YOUR INSTRUCTIONS: In the entries that follow, find the line containing "PARAWAN PLAŻOWY 8m"; from there, copy every line exactly through the line containing "Enjoying my free".

RECORDS SHOWN:
------------------------------------

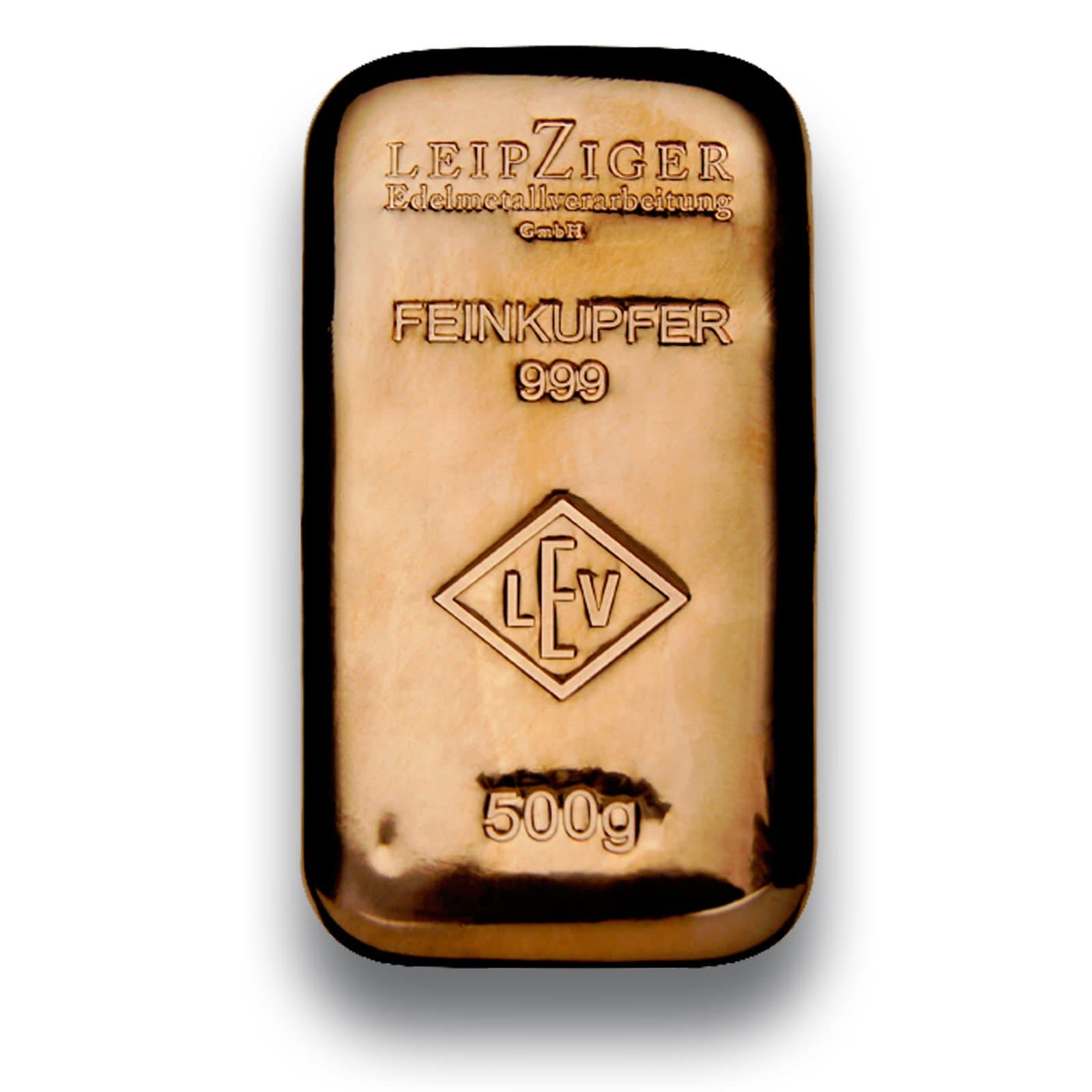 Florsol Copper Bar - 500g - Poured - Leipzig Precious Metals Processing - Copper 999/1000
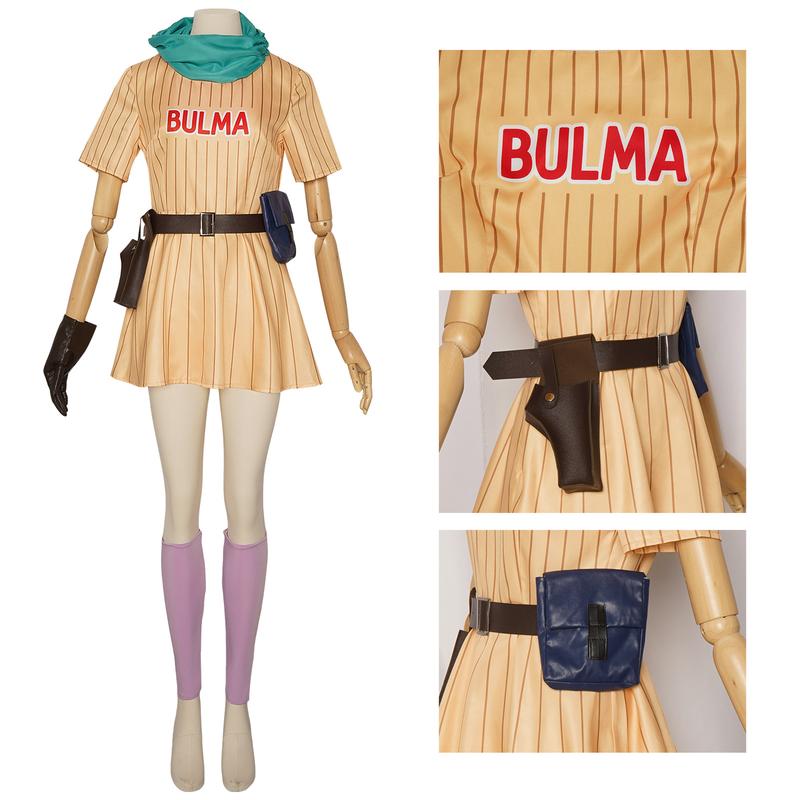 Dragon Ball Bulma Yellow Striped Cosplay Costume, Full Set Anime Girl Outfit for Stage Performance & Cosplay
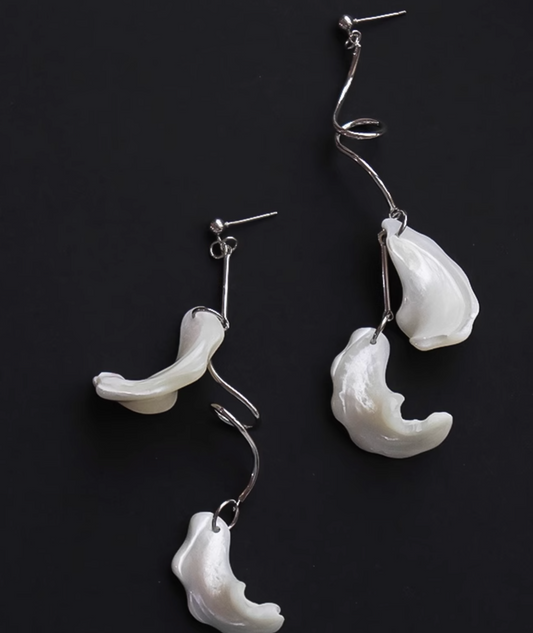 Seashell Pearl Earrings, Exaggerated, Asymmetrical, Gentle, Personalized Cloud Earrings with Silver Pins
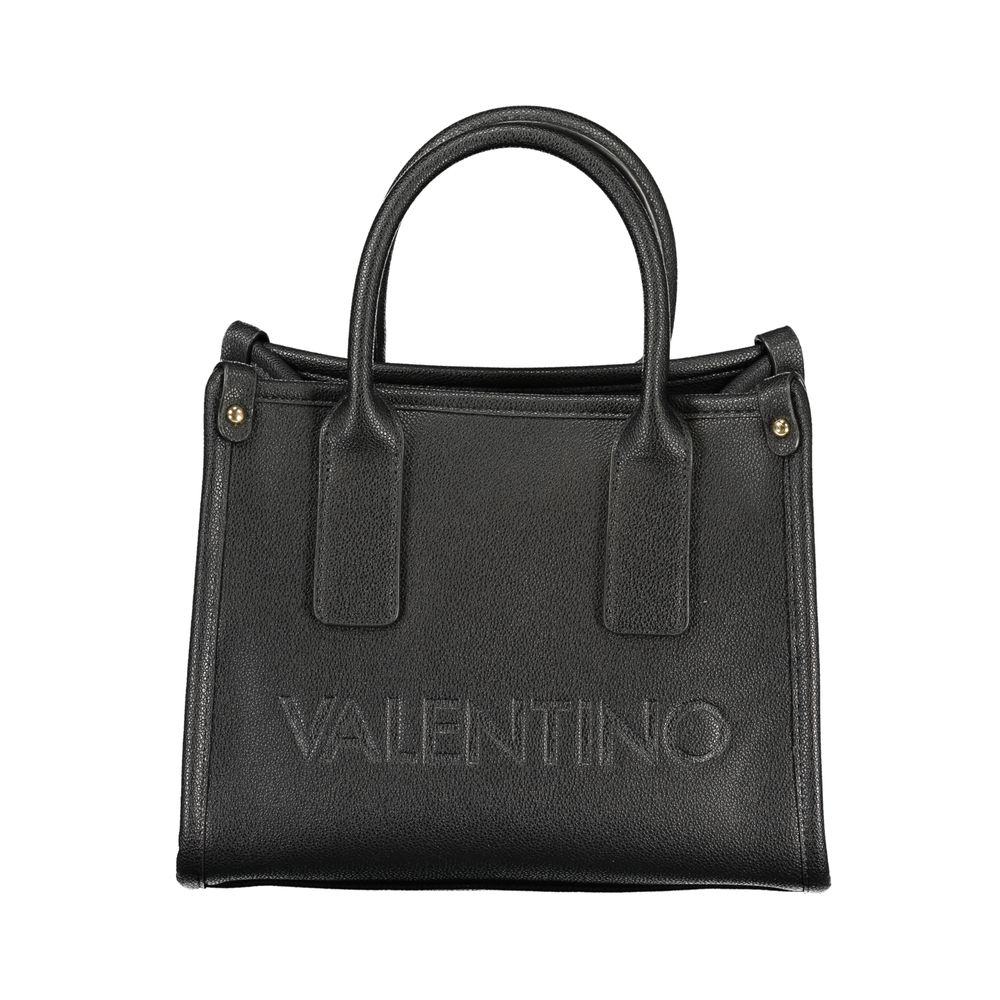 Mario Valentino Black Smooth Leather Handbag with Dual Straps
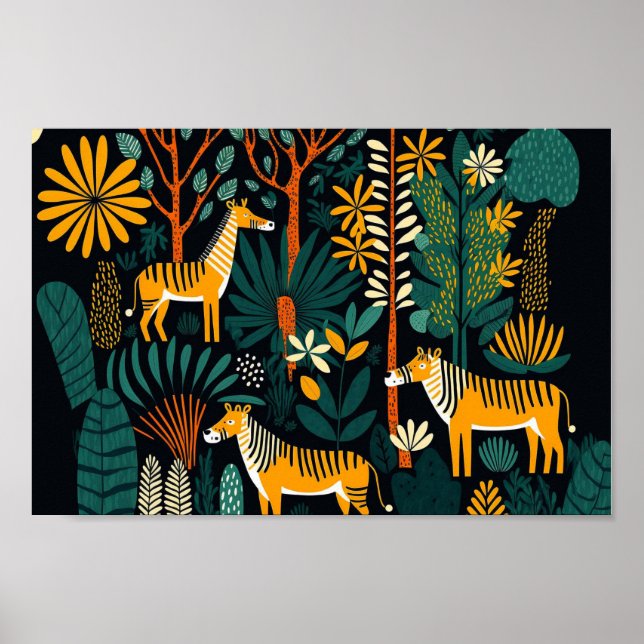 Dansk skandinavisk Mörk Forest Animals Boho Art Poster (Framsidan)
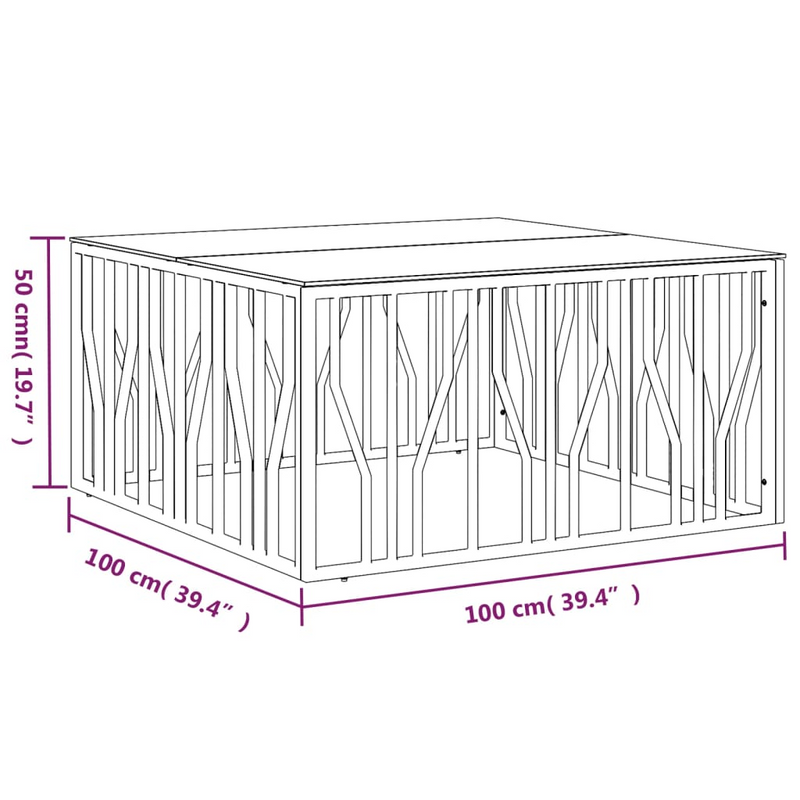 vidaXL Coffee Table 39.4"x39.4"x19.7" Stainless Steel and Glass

------------------------------------

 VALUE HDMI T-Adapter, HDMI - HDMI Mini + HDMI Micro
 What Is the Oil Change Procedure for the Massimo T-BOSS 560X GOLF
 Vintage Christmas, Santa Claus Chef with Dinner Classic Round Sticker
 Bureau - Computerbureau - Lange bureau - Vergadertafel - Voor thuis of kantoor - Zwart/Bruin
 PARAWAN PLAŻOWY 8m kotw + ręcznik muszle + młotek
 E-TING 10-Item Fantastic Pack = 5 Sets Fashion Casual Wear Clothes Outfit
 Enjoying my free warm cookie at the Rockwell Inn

------------------------------------

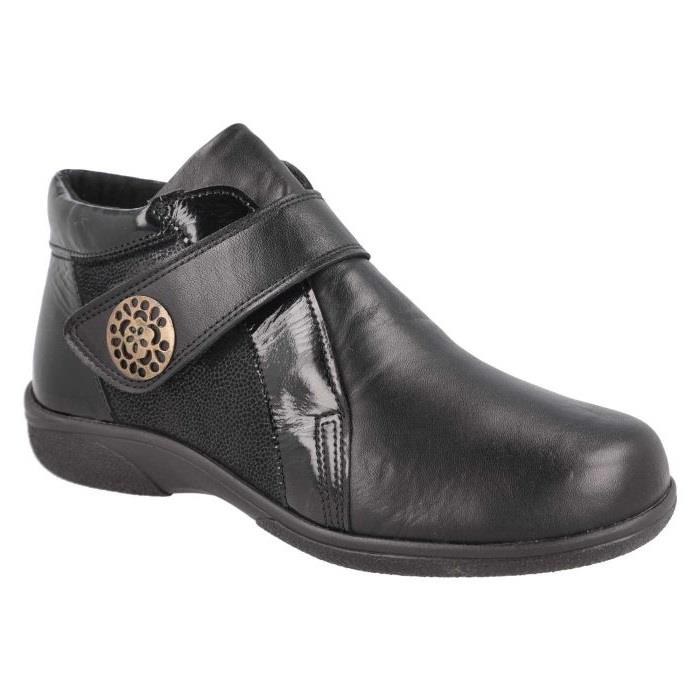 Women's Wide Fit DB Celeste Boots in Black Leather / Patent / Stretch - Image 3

------------------------------------

EXERCISE OUTPUT:
 PARAWAN PLAŻOWY 8m kotw + ręcznik muszle + młotek
 E-TING 10-Item Fantastic Pack = 5 Sets Fashion Casual Wear Clothes Outfit
 Enjoying my free warm cookie at the Rockwell Inn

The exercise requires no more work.